Exhibit 99.2
MANAGEMENT’S DISCUSSION AND ANALYSIS OF FINANCIAL CONDITION AND RESULTS OF OPERATIONS
Unless the context requires otherwise, references to “Holley,” “Holdings,” “we,” “us,” “our” and “the Company” in this section are to the business and operations of Holley Intermediate Holdings, Inc. and its consolidated subsidiaries. The following discussion and analysis should be read in conjunction with Holley’s condensed consolidated financial statements and related notes thereto included in this current report on Form 8-K filing. In addition to historical information, this discussion contains forward-looking statements that involve risks, uncertainties, and assumptions that could cause Holley’s actual results to differ materially from management’s expectations. Factors which could cause such differences are discussed herein and under the caption, “Cautionary Note Regarding Forward-Looking Statements,” in our registration statement, as filed with the SEC on July 21, 2021, and those in our subsequent filings with the SEC.
Overview
We are a designer, marketer, and manufacturer of high performance automotive aftermarket products serving car and truck enthusiasts, with sales, processing, and distribution facilities reaching most major markets in the United States, Canada, Europe and China. Holley designs, markets, manufactures and distributes a diversified line of performance automotive products including fuel injection systems, tuners, exhaust products, carburetors, safety equipment and various other performance automotive products. The Company’s products are designed to enhance street, off-road, recreational and competitive vehicle performance and safety.
Innovation is at the core of our business and growth strategy. Approximately 40%, 40% and 36%, of our annual sales for fiscal 2020, 2019 and 2018, respectively, were generated by products that we first introduced in just the last five years. We have a history of developing innovative products, including new products in existing product families, product line expansions, and accessories, as well as products that bring us into new categories. We have thoughtfully expanded our product portfolio over time to adapt to consumer needs.

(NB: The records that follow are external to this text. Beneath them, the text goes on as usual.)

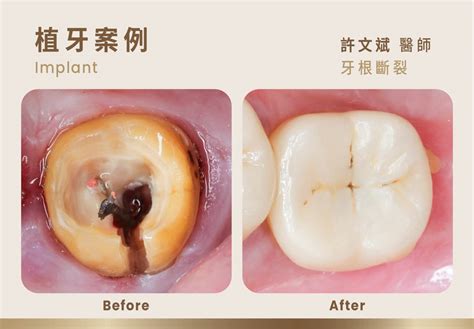 拔掉的牙齒|哪些情況需要 拔牙 ？拔牙後吃什麼？拔牙注意事項全。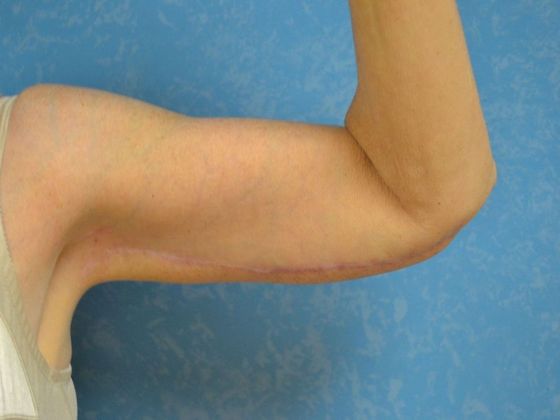 Arm Lift: BY1203 - Maumee, OH - After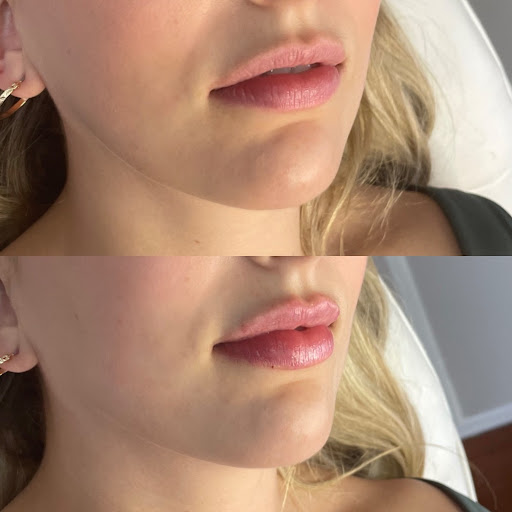 Injected by Bri - Thumbnail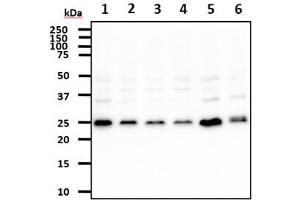The cell lysates (40ug) were resolved by SDS-PAGE, transferred to PVDF membrane and probed with anti-human REXO2 antibody (1:500). (REXO2 抗体)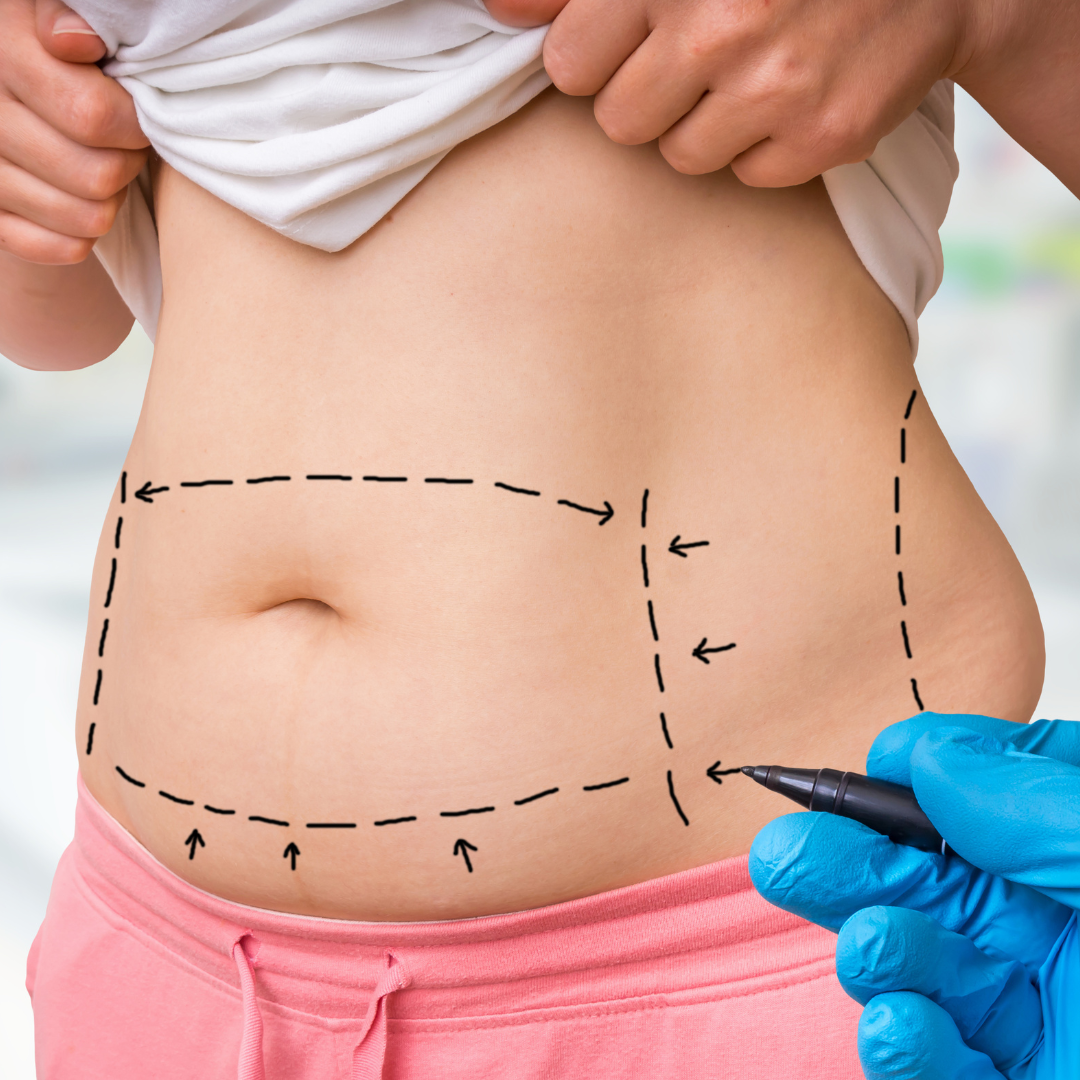 Tummy tuck pre operative markings on abdomen as part of plastic surgery planning in Turkey.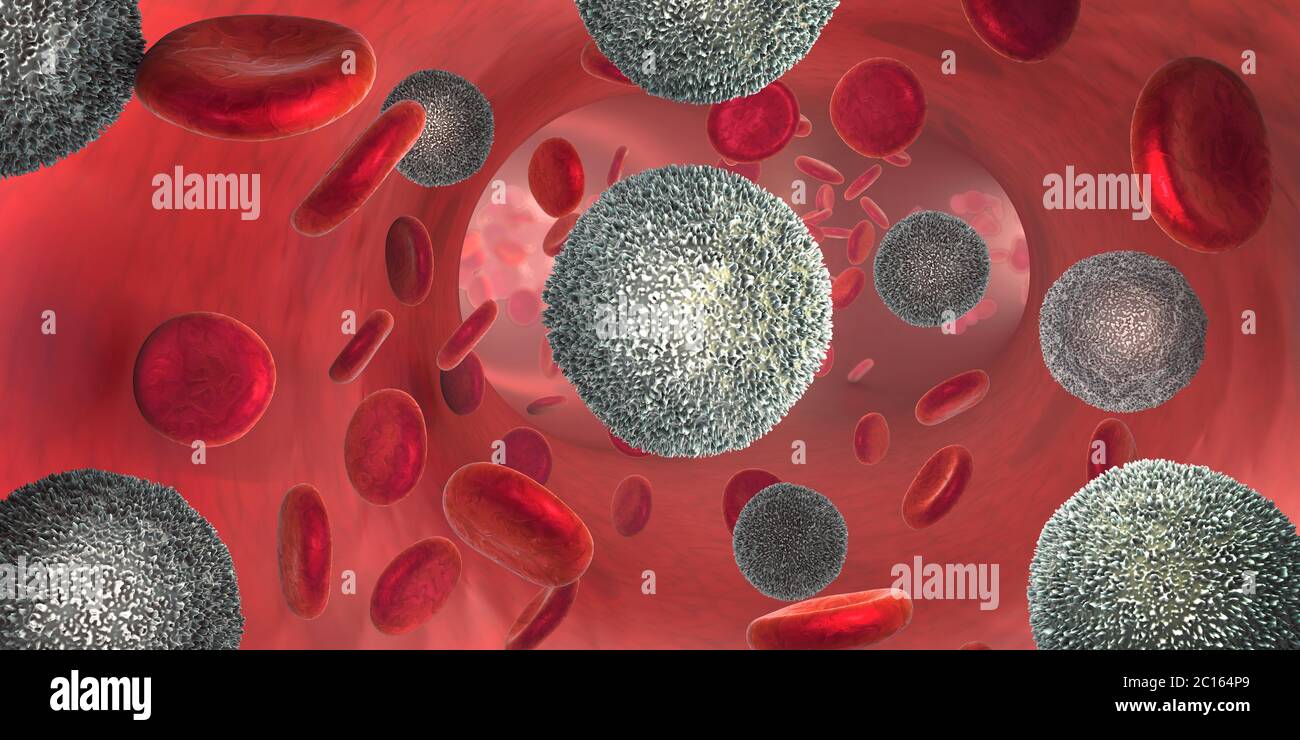 3D-Darstellung der starke Anstieg der nicht-funktionalen weißer Blutzellen, der sogenannten Leukämiezellen führt zu Blut Krebs Krankheit Stockfoto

In addition, we have historically used strategic acquisitions to (i) expand our brand portfolio, (ii) enter new product categories and consumer segments, (iii) increase direct-to-consumer (“DTC”) scale and connection, (iv) expand share in current product categories and (v) realize value-enhancing revenue and cost synergies. While we believe our business is positioned for continued organic growth, we intend to continue evaluating opportunities for strategic acquisitions that would complement our current business and expand our addressable target market. Between 2014 and the end of 2020 we completed eight acquisitions, which, in total, have generated $35 million of cost saving synergies through reductions in product cost, elimination of headcount, facility costs and other SG&A expenses.

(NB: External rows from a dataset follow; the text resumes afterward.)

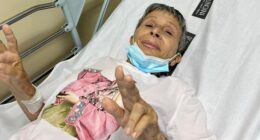 Sticky Vicky Accident: How Did It Happen? Update On Her Knee Injury After The Horrific Accident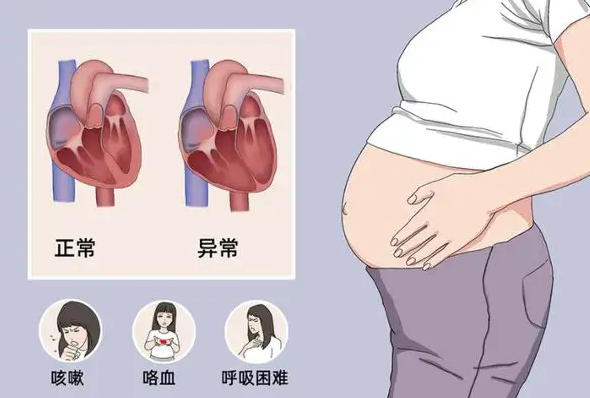 导致围产期心肌病的原因是什么？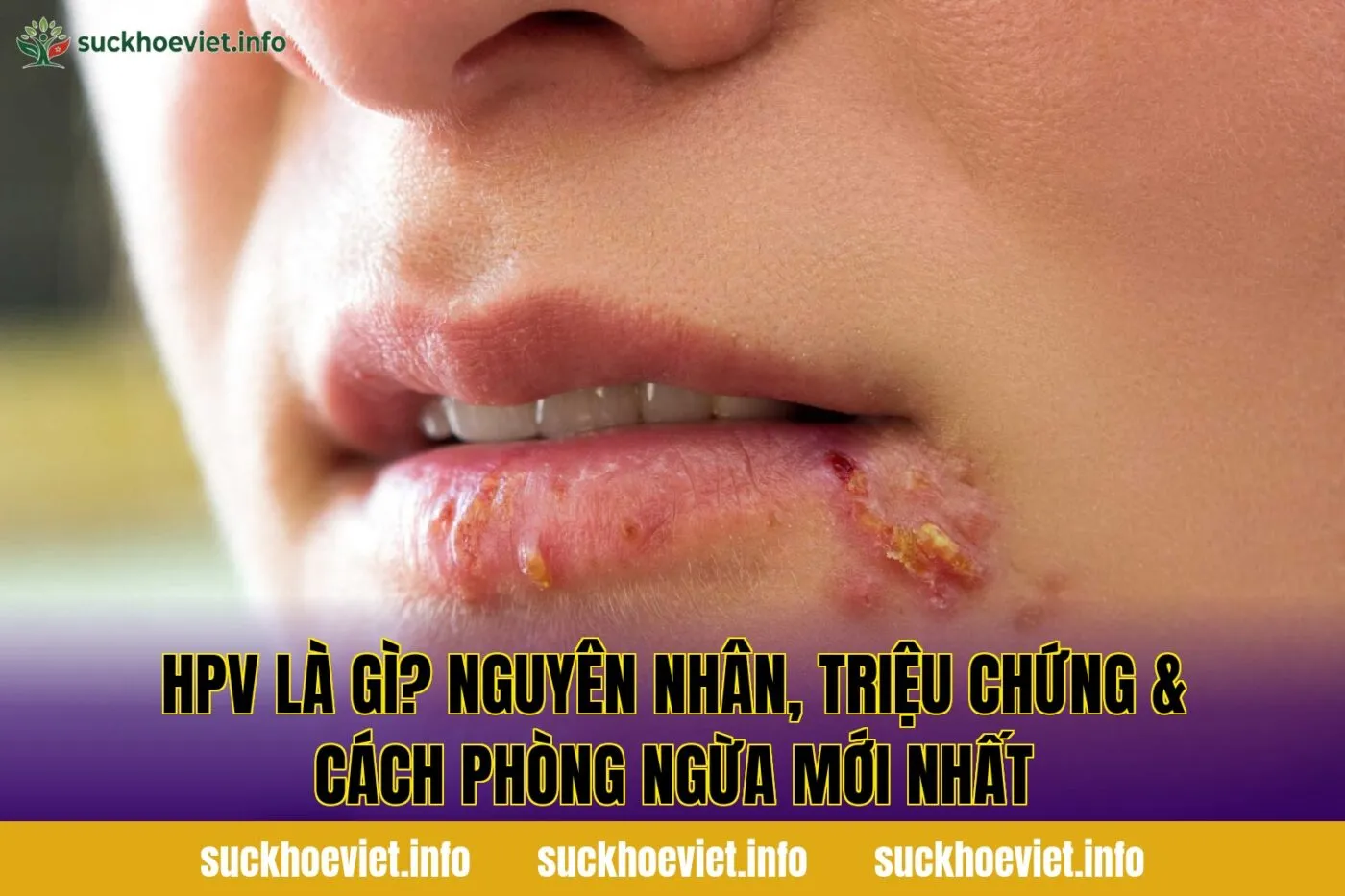 HPV là gì? Nguyên nhân, triệu chứng & cách phòng ngừa mới nhất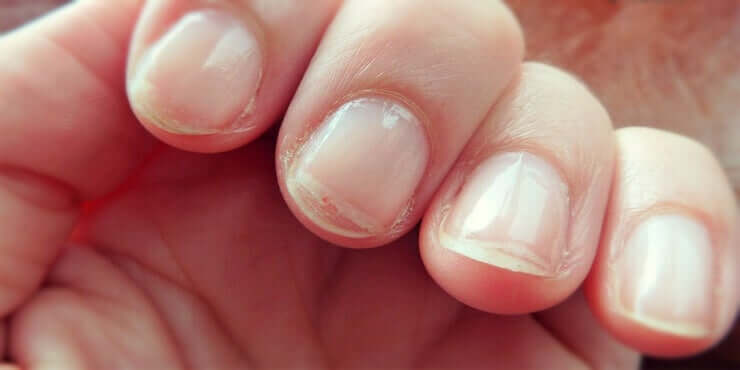 Dry and flaky fingernails.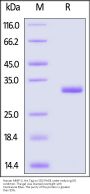 Human MMP-3 Protein, His Tag (active enzyme, MALS verified)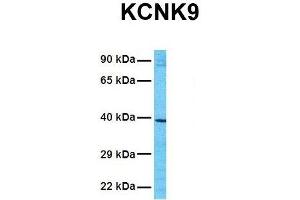 Image no. 6 for anti-Potassium Channel, Subfamily K, Member 9 (KCNK9) (N-Term) antibody (ABIN2776216)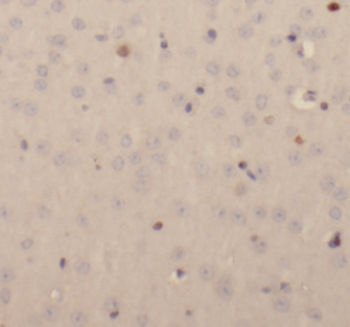 EPB41L3 Antibody
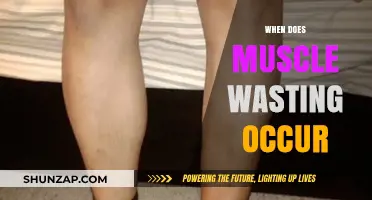 Muscle Wasting: When Does It Start?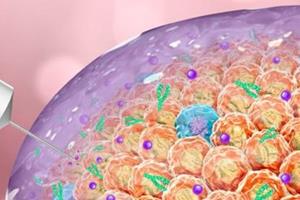  پیشگیری از رشد تومورهای سرطانی با داربست هیدروژل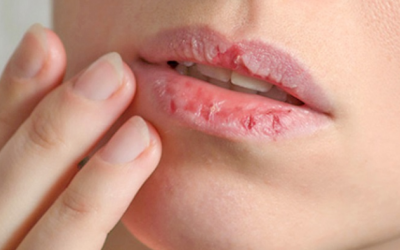 Bị khô môi là do thiếu đi những dưỡng chất nào?
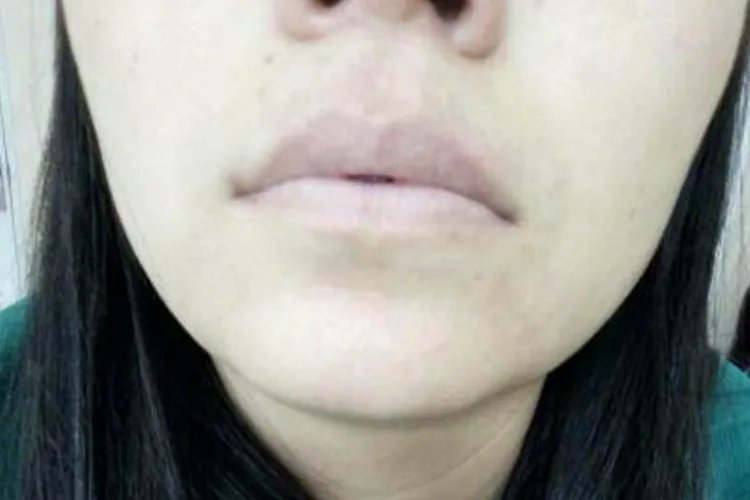 贫血严重会出现什么样的症状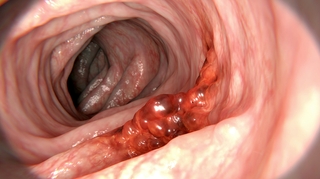 Cancer colorectal : quels symptômes doivent alerter ?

Factors Affecting our Performance
We believe that our performance and future success depend on a number of factors that present significant opportunities for us but also pose risks and challenges, including those discussed below and those under the caption, “Risk Factors,” in our registration statement, as filed with the SEC on July 21, 2021, and those in our subsequent filings with the SEC.
Business Combination
On July 16, 2021 we consummated a business combination (“Business Combination”) pursuant to that certain Agreement and Plan of Merger dated March 11, 2021 (the “Merger Agreement”), by and among Empower Ltd., (“Empower”), Empower Merger Sub I Inc., a direct wholly owned subsidiary of Empower (“Merger Sub I”), Empower Merger Sub II LLC, a direct wholly owned subsidiary of Empower (“Merger Sub II”), and Holdings.
The Merger Agreement provided for, among other things, the following transactions: (i) Merger Sub I merged with and into Holdings, the separate corporate existence of Merger Sub I ceased and Holdings became the surviving corporation, and (ii) Holdings merged with and into Merger Sub II, the separate corporate existence of Holdings ceased and Merger Sub II became the surviving limited liability company. Upon closing, Empower changed its name to Holley Inc. and its trading symbol on the New York Stock Exchange (the “NYSE”) from “EMPW” to “HLLY.”